Apriori algorithm
Apriori algorithm is a group of set rules that guide data mining. The data is used in predicting future outcomes in the business. Apriori algorithm identifies the most frequent itemset and their relevant regulations attached to them. It is preferably used in a database that contains large numbers of transaction records to confirm the procedures followed by both customer and sellers. Apriori algorithm is advantageous in market basket analysis and allows the customer to purchase their required items with ease hence leading to increased sales of the market. It is also used in the medical sector to detect the adverse reaction of a drug on the patient’s body. Apriori algorithm is also used in organizations to learn and explore relations among variables in an extensive database of the firms. It helps in selecting the interesting rules from multiple rules that may arise from a small database through comparison of constraints on various measures of interest and significance.

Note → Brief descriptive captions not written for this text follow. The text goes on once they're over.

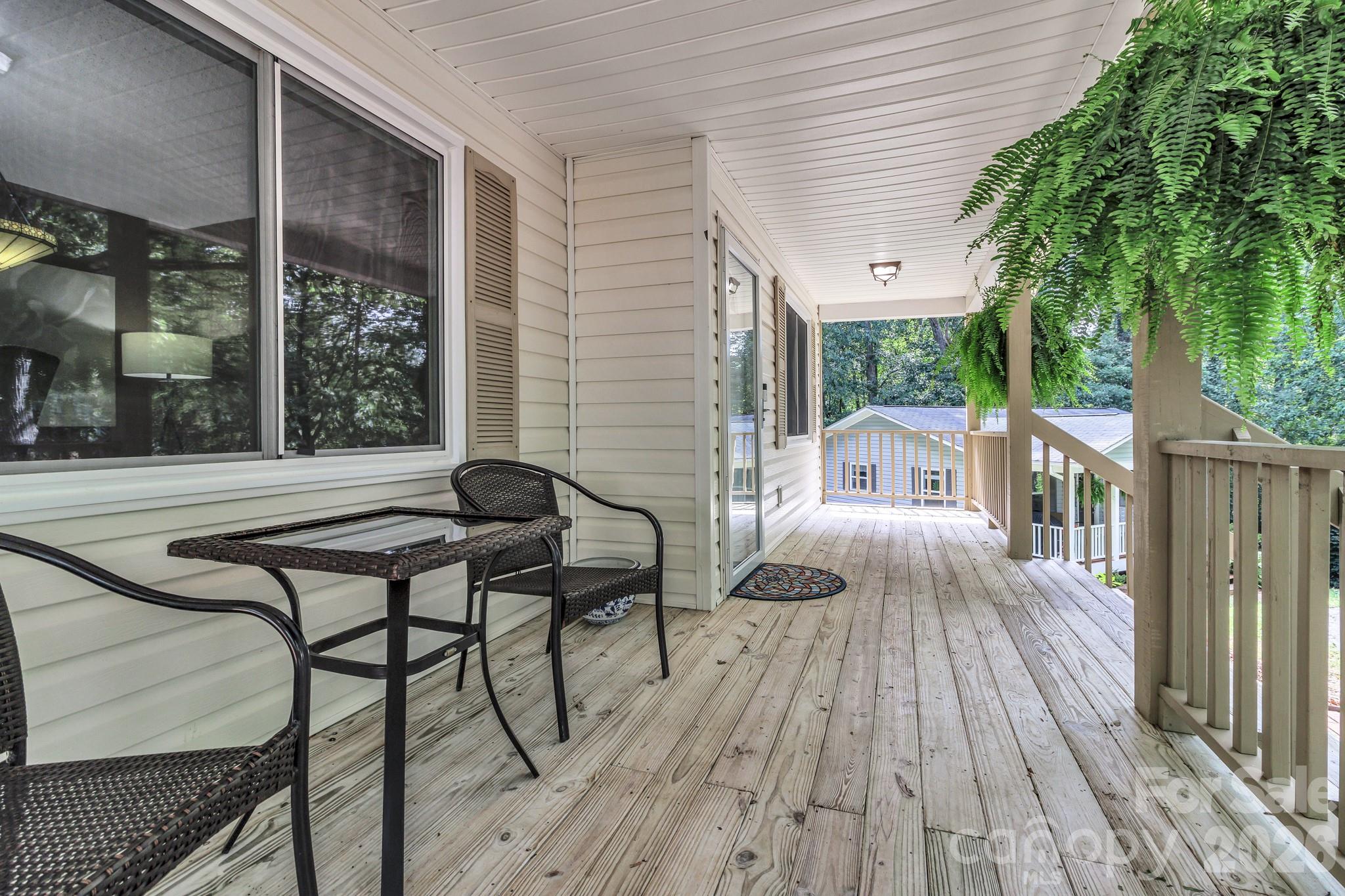 18 Mctindal Circle Property Photo 4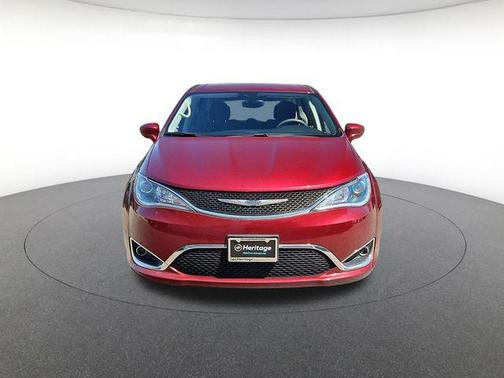 Velvet Red Pearlcoat 2018 Chrysler Pacifica Touring Plus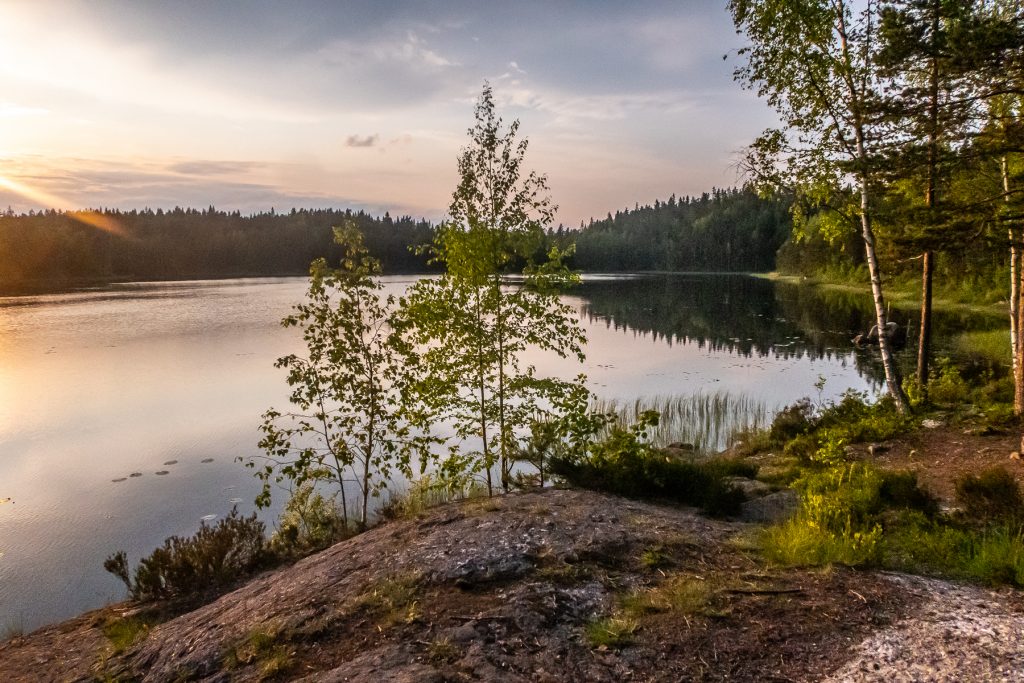 Solen strålar över sjö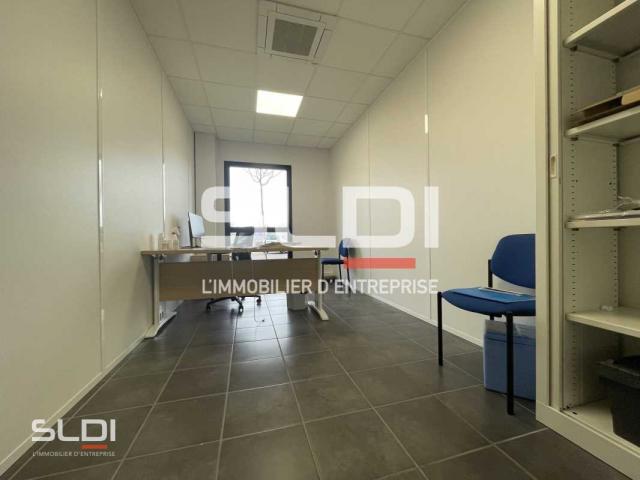 Locaux d'activités A LOUER - SAINT PRIEST - 328 m²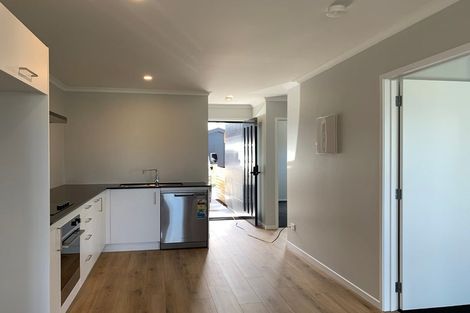 Photo of property in 2 Honowai Street, Kumeu, 0810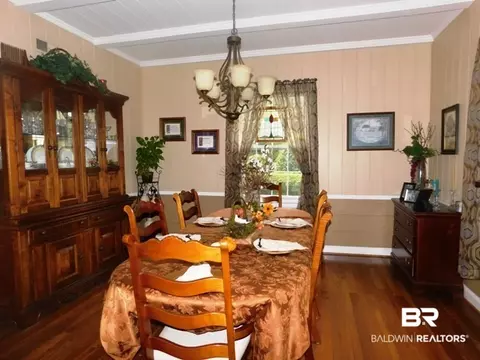 200 E Pine St, Atmore, AL 36502 photo 6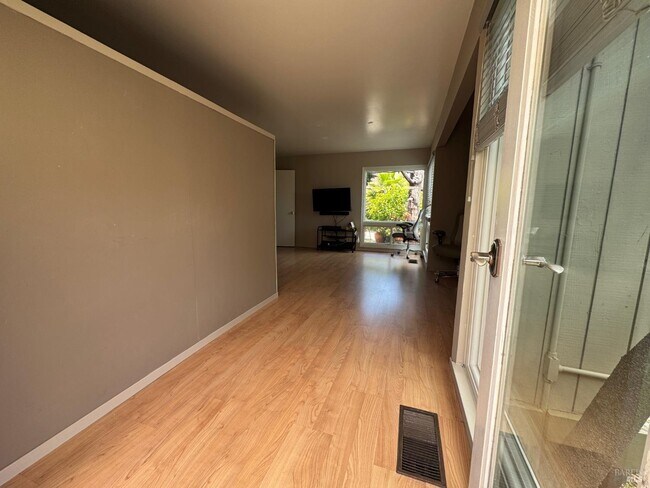 Building Photo - 21 Portofino Rd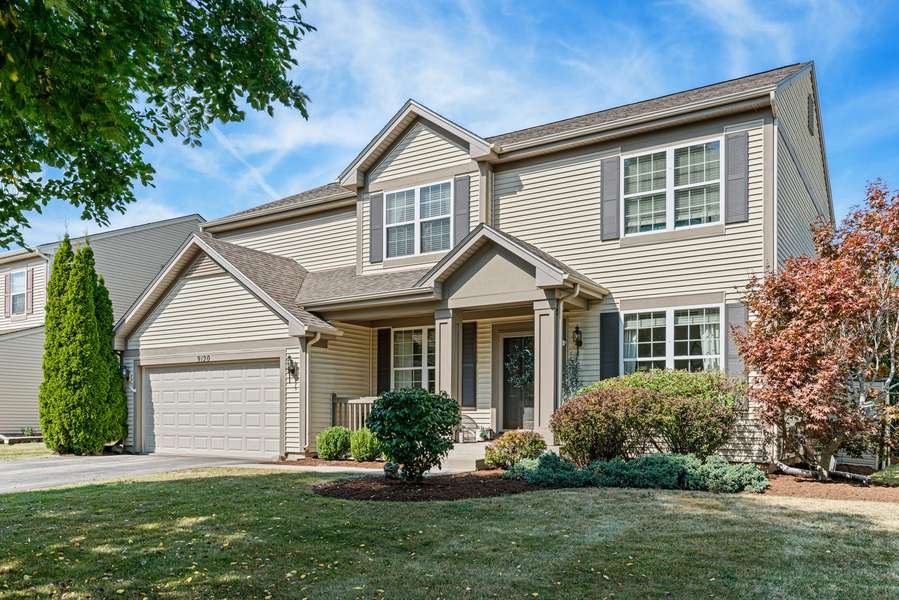 9120 Durham DR, Huntley, IL 60142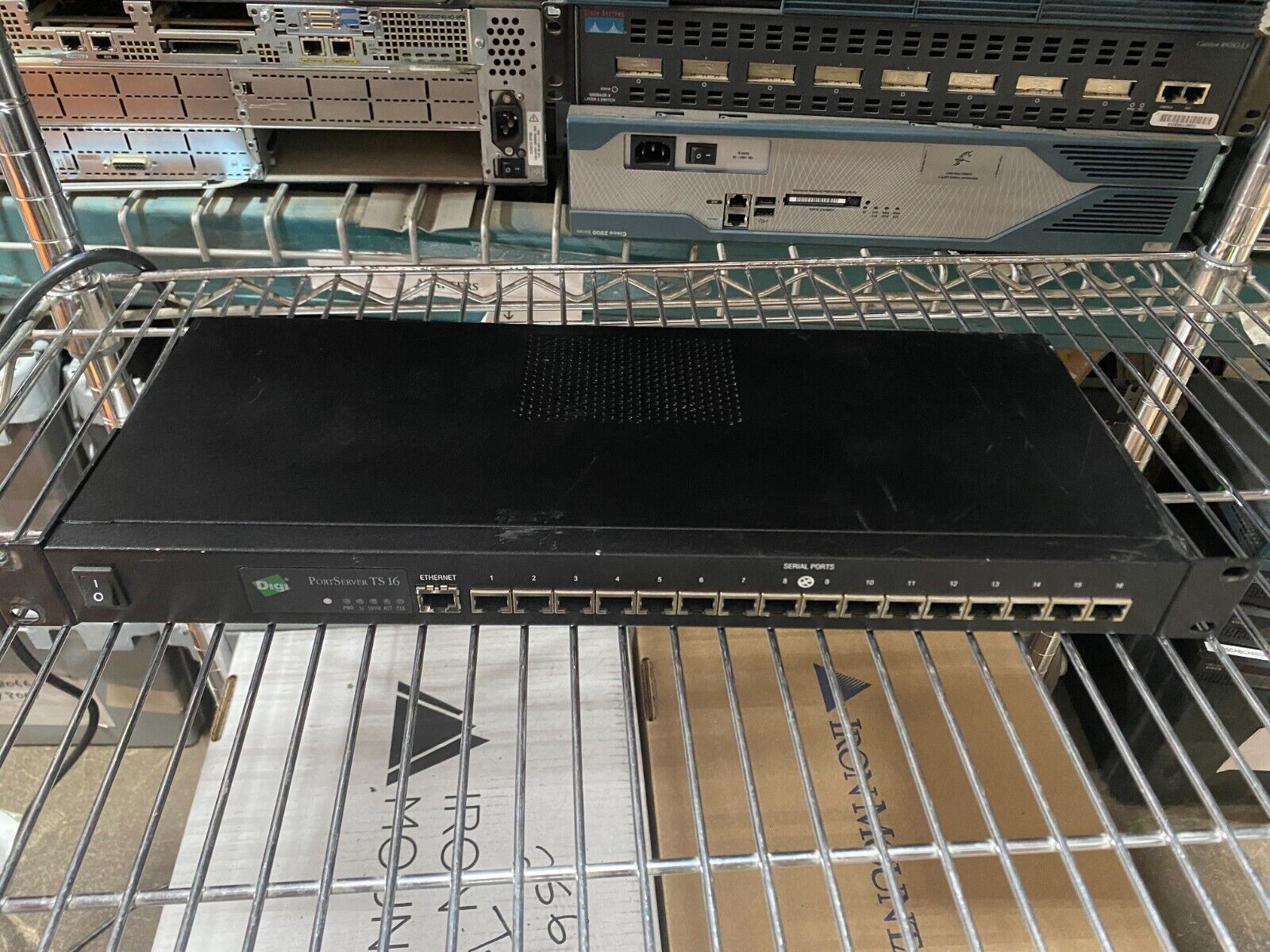 Digi PortServer TS 16 Rack AC Terminal Server 50000854-01 X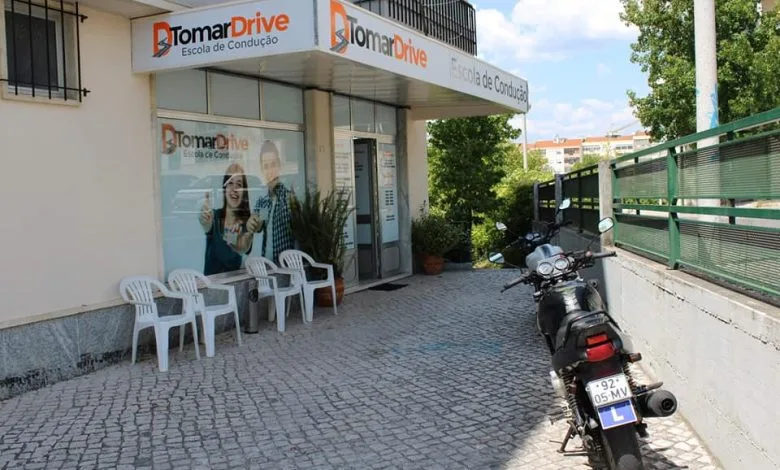 Escolas de condução retomam atividade nesta segunda feira Tomardrive 8189813617638506496 n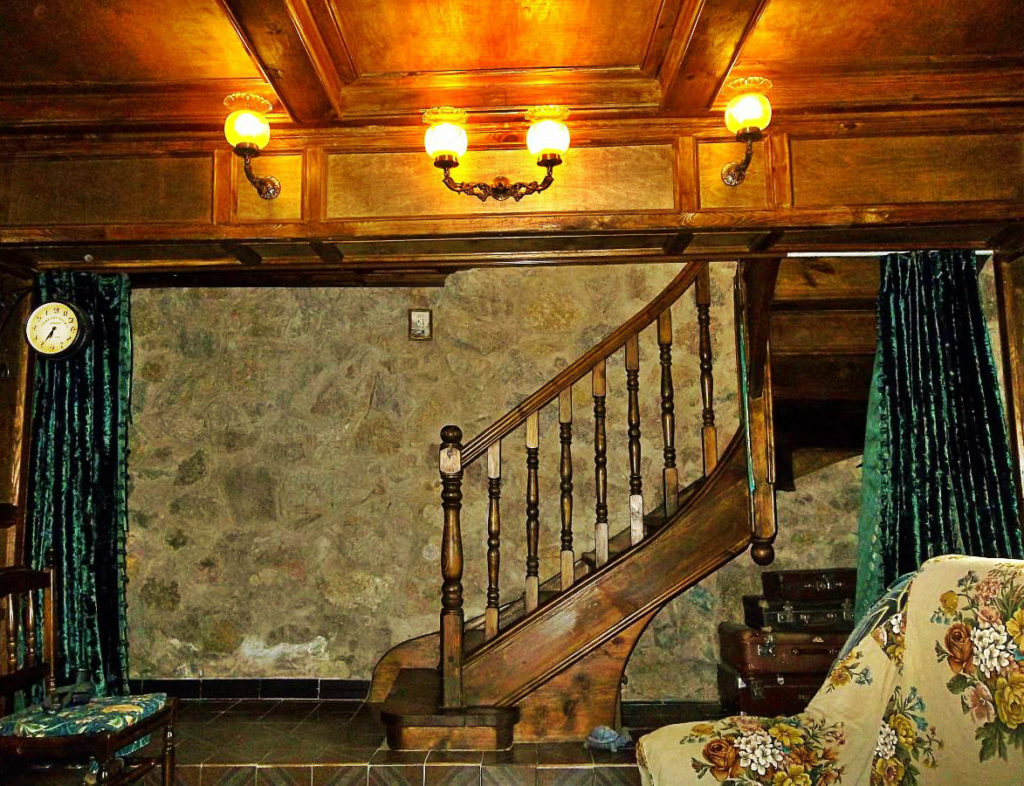 How to Design a Staircase in a Country House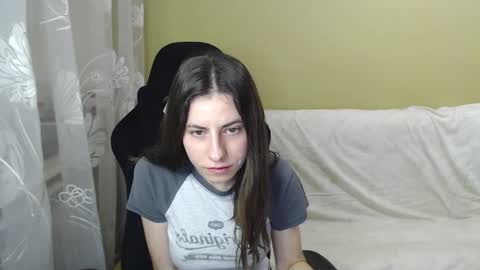 Snapshot of good__night chatting on 03/12/26, 04:46 Elizabeth Effie online show from 03/12/26, 04:46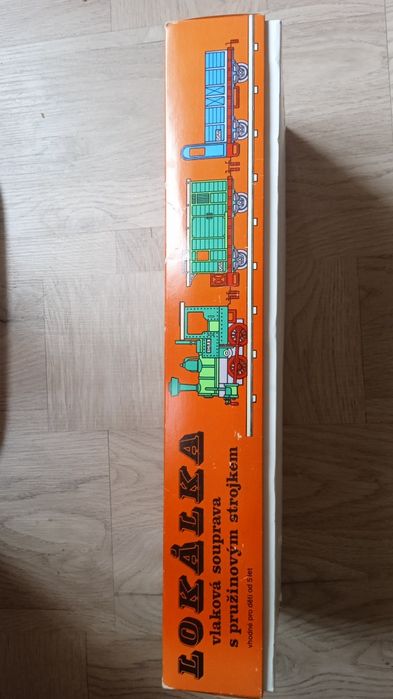 Локомотив - влакова композиция с пружинен механизъм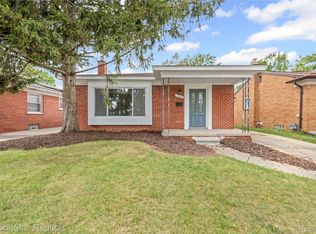 9025 Appleton, Redford, MI 48239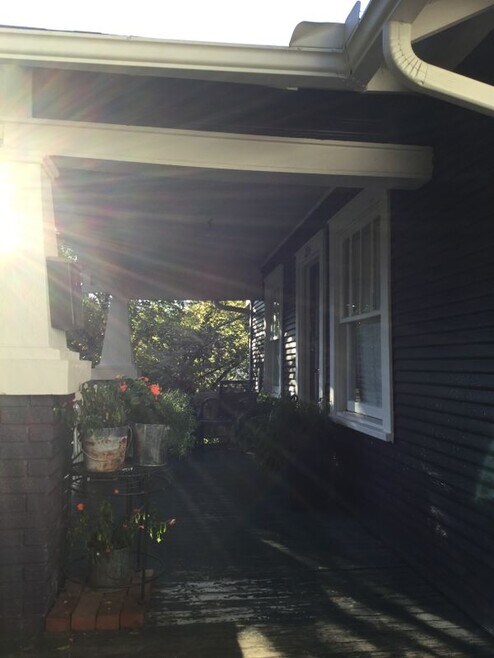 Building Photo - 224 W Watson St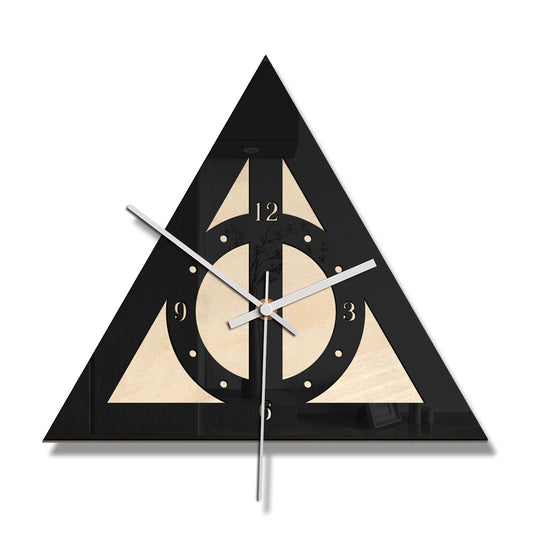 Creative Analogue Wall Décor Clock for Home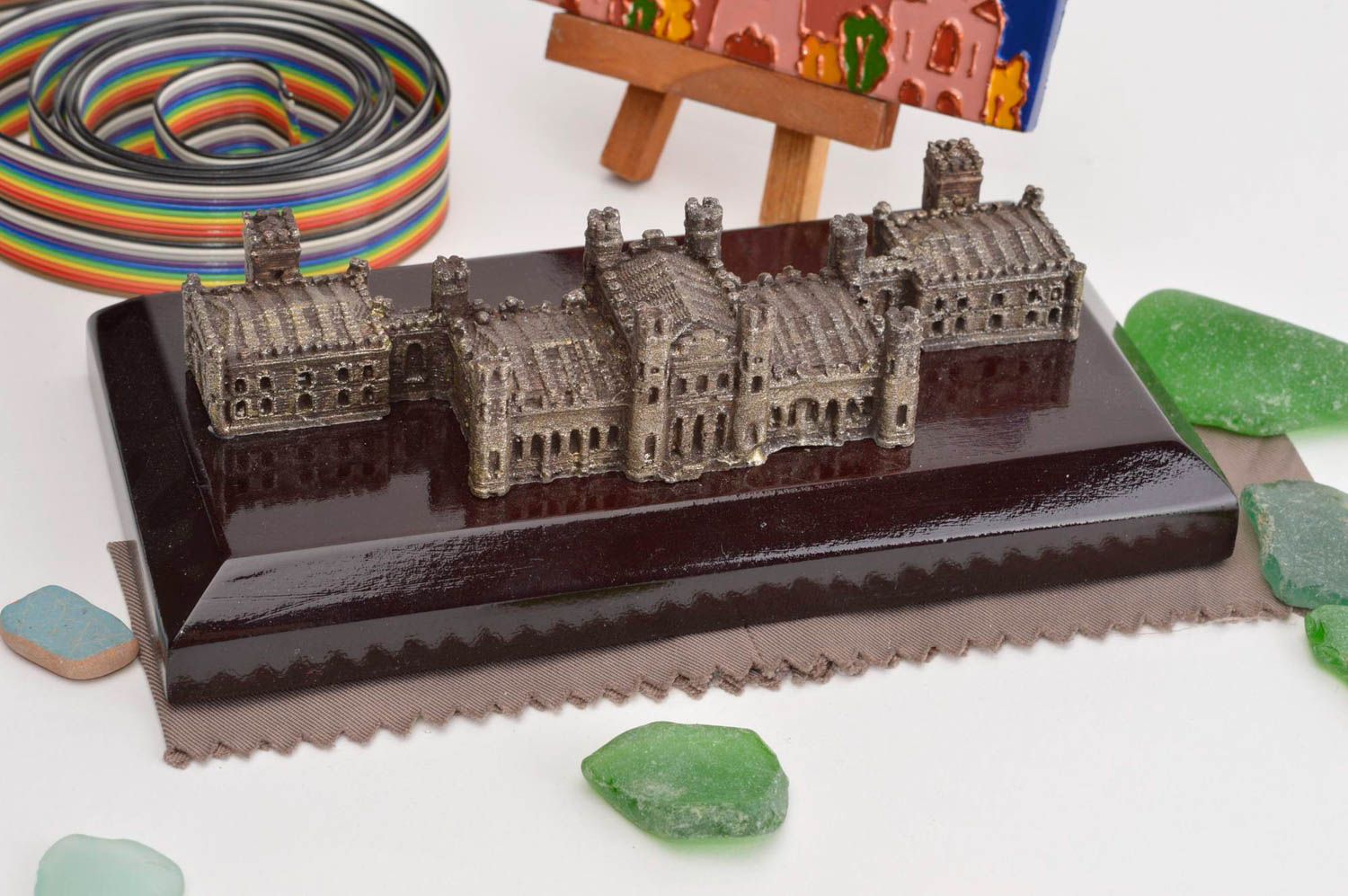 Dekor Artikel Tisch Deko handgemachtes Geschenk Miniatur Figur Schloss gegossen foto 1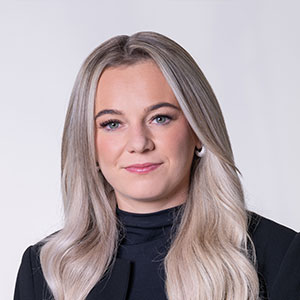 „Heute sind unsere Abteilungen und auch die verschiedenen Persönlichkeiten in unserem Betrieb enger vernetzt. Die Information kommt dort an, wo sie gebraucht wird.“ – Lisa Bartsch, BSc, Personalmanagement und Marketing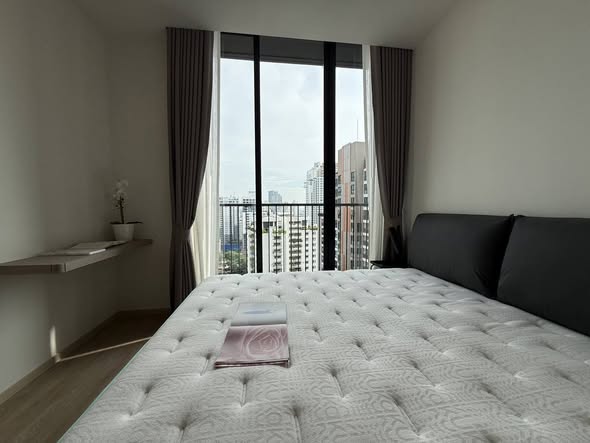 bedroom of Noble State Sukhumvit 39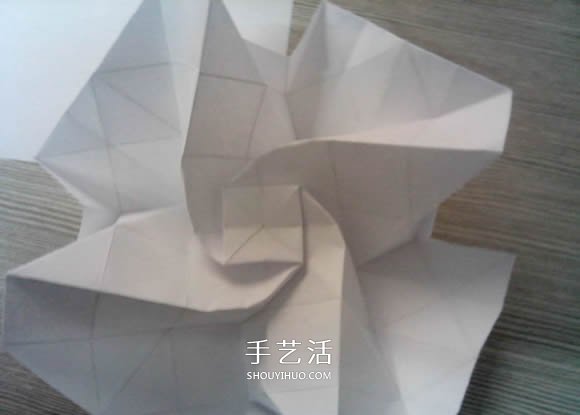八瓣川崎玫瑰折法圖解 折紙八瓣川崎玫瑰花 -  itrip.net.cn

Apriori algorithm is perceived as part of a frequent itemset mining since it uses the concept of frequent itemset to generate associated rules in data mining. It guides how many itemsets appear in a database for the establishment of the law that governs its mining. It is used to scan the database repeatedly to calculate the support count of each itemset. Apriori algorithm is modified to the best design that suits the mining of various sets of devices. The associated rule established is easily adapted through the use of the Apriori Algorithm that ensures the users understand which law to apply when mining data from the transaction records. Apriori algorithm is implemented in the education field to extract associated rules of data mining of the students their characteristic and specialization fields. In the medical field, the algorithm is used in analyzing the patient’s database and identify drug combination that he or she is prescribed on usage. It is also applied in forestry to examine the possibilities and impacts caused by fires in conjunction with forestry fire data records. Many companies employ the apriori algorithm in recommender systems to auto-complete the installing features.